Journalist Couch (Jukeboxes & Jackalopes) leaves her home state of Wyoming to learn how electrical power is generated across the United States and to uncover the impact of various production methods. In story-driven prose, she shares her experiences touring many types of power plants, from nuclear to solar. Couch addresses pros and cons of each method alongside detailed verbal descriptions, though generally photographs would have saved more than the proverbial thousand words. Throughout, she returns both in body and spirit to her home base, contemplating the local climate and how it impacts daily life. Couch balances information obtained from power plant tours with commentary from local and national environmental advocacy groups; at times, complex environmental concerns impede decision-making, such as pitting local wildlife against greener power. Readers will gain information about each form of power—wind, coal, nuclear, natural gas, biomass, geothermal, solar, and hydroelectric—but Couch's aim is not to provide an exhaustive scientific evaluation, and she avoids direct comparison and specifics, such as efficiencies, in her discussion. Rather, this is a layman's guide to the choices facing much of the country as state and federal governments move toward cleaner fuels that produce fewer greenhouse gases. (Publishers Weekly Mar.)

 

Wyoming-based journalist and essayist chronicles her visits to nine electrical power stations across the country, examining the pros and cons of the fuel sources used at each site.

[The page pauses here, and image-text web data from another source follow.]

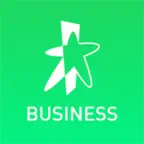 StarHub Business Manager iOS Icon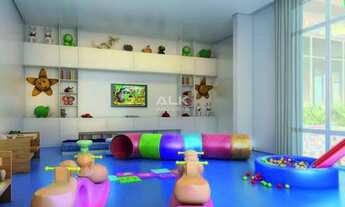 Imagem 5: Aguardano fotos para fazer o texto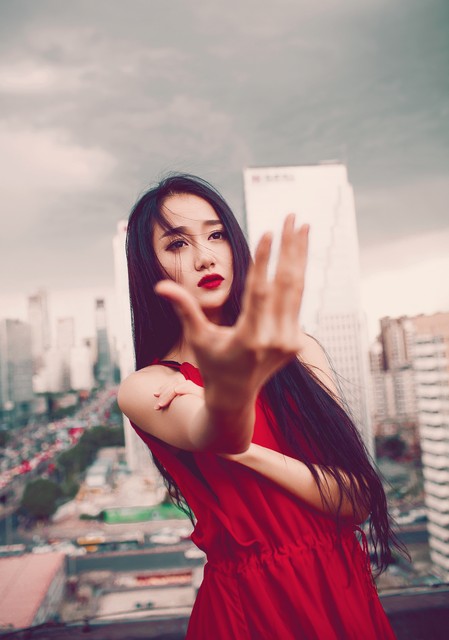 寂静的夜静静的想你,寂静的夜想你句子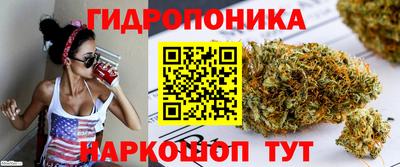 мяу мяу мука Ливны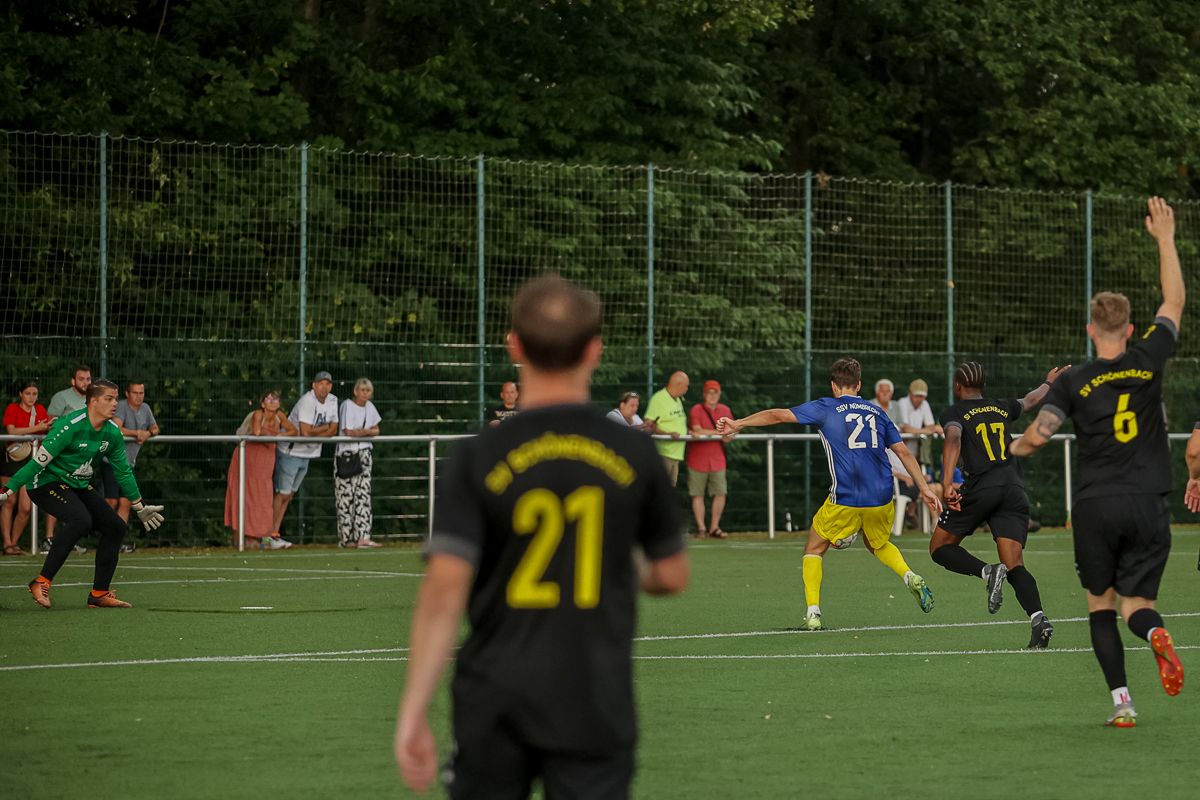 /2023/07/09-07-2023FBPokal_g37.jpg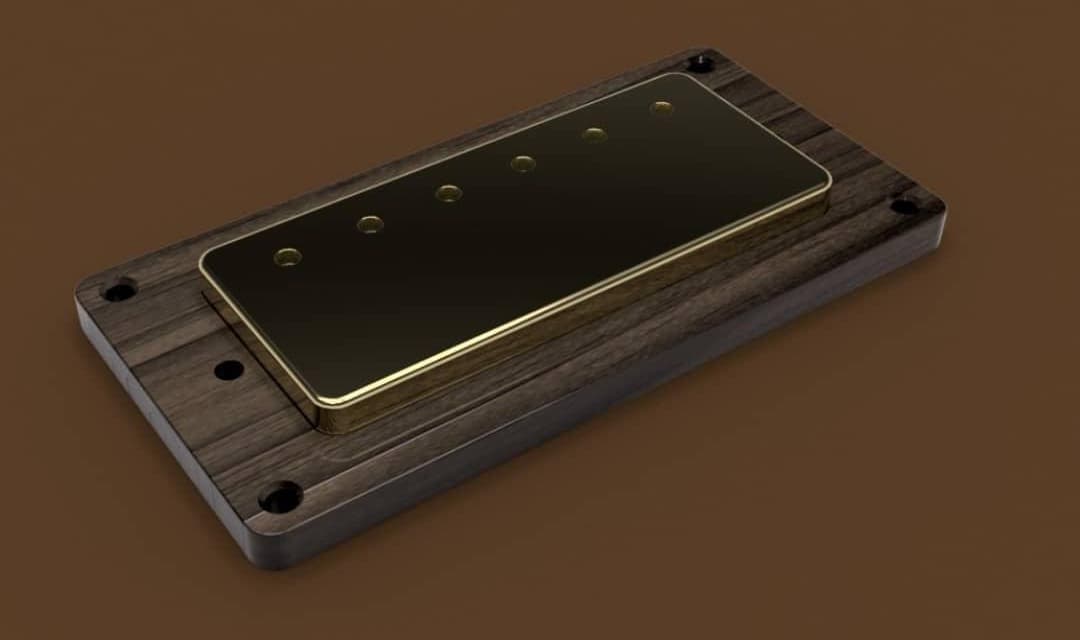 luthierDIY-minihumbucker-render.jpg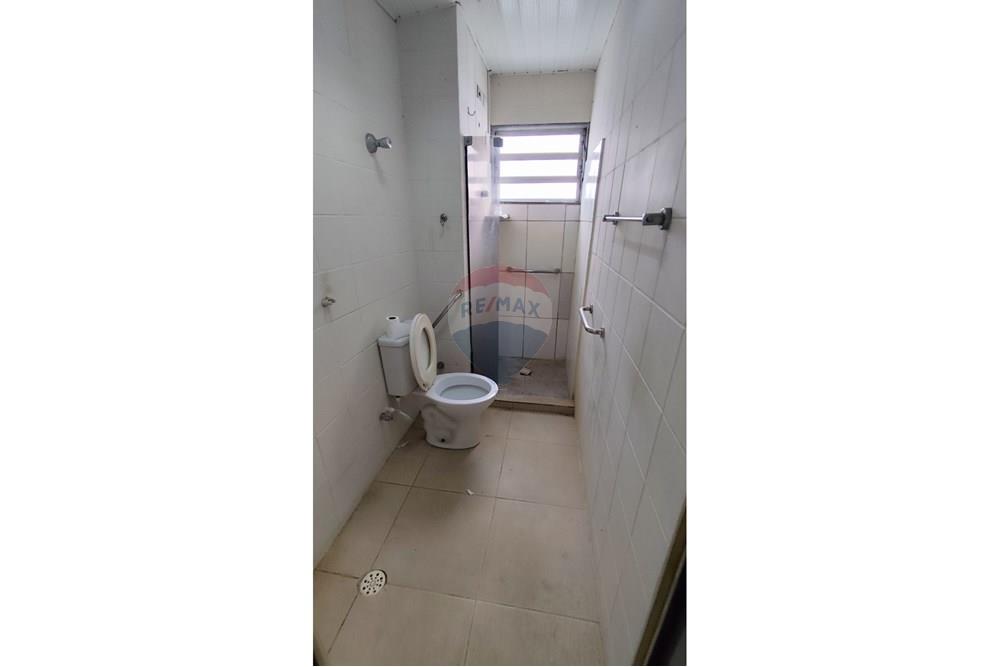 Casa - Venda - Recife , Pernambuco - BANHEIRO SOCIAL TERREO.jpg - 850191024-423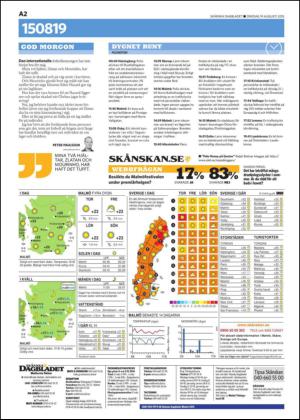 skanskadagbladet_z3-20150819_000_00_00_002.pdf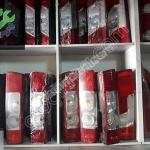 FİAT DUCATO 2013 ARKA SAĞ-SOL STOP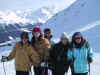 108-0872_IMG.JPG (572162 octets)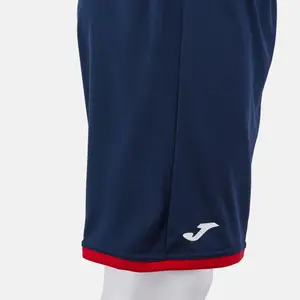 Short Child Joma Phoenix III image-3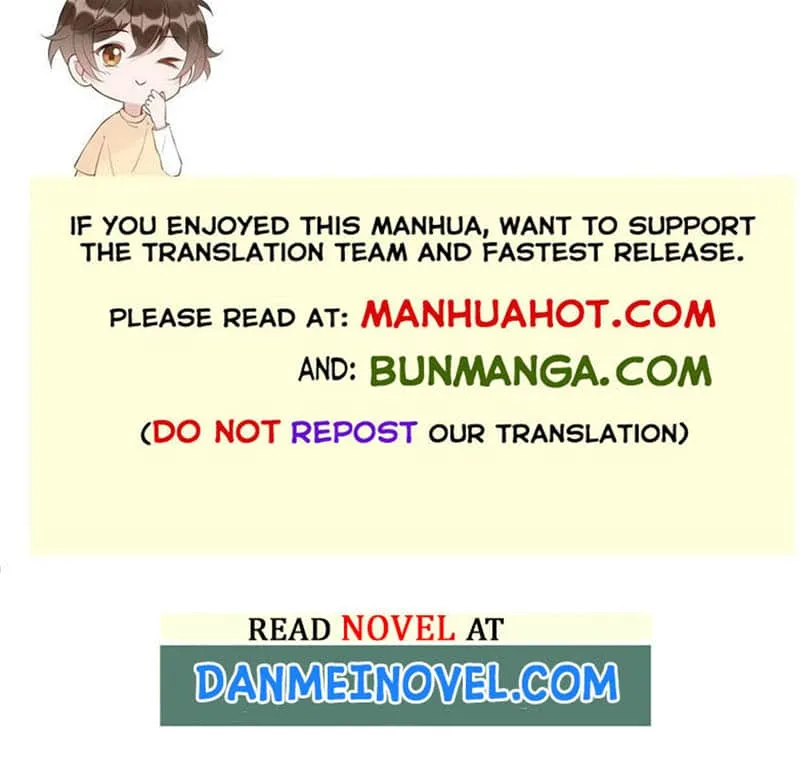 Tit For Tat Chapter 111 page 52 - 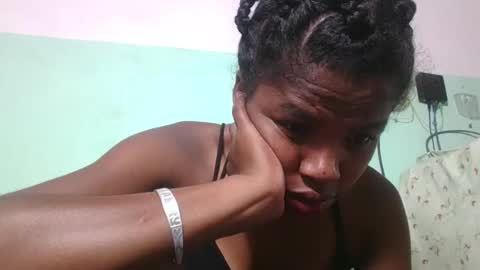 Snapshot of vanafiry chatting on 02/05/25, 06:48 vanafiry online show from 02/05/25, 06:48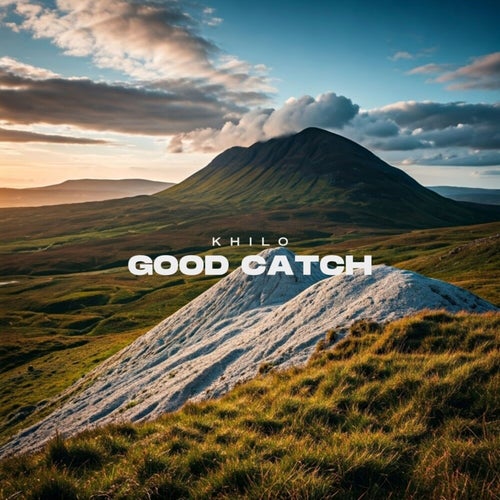 Good Catch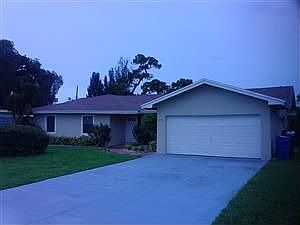 1st image of 2220 NW 28th St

In a book that is part travelogue and part news report, Couch lucidly confronts the specter of what she calls the "new energy crisis.” Her project began as a way to learn about the major methods of electrical production, including those that involved wind, water, geothermal, solar and nuclear power. Between 2008 and 2010, Couch traveled around Wyoming and then to Nebraska, Iowa, Utah, Nevada, Texas, Kentucky and Maine to talk to "scientists, engineers, policy advocates, environmental activists, industry experts and the folks who work in or live around various sites of energy production." The result is a study that shows both the positives and negatives associated with nine different fuel types—excluding oil, which Couch associates with transportation rather than household or industrial needs—from which electricity is generated in America. She shows that none, including those that seem the greenest and the safest, are without some cost to use. For example, although the sun is an inexhaustible source of energy, its power can only be harvested for large-scale use in certain parts of the country. Moreover, a solar plant currently needs "seventeen times as much land as a nuclear [one] to generate the same amount of electricity." Couch does not offer any opinions on which fuels are ultimately best for an energy-hungry America. Instead, she presents information clearly and objectively to help readers better discern "the difference between numbers meant to impress, stories meant to persuade, and facts that prompt action."

Fair, thoughtful and balanced. Kirkus Review.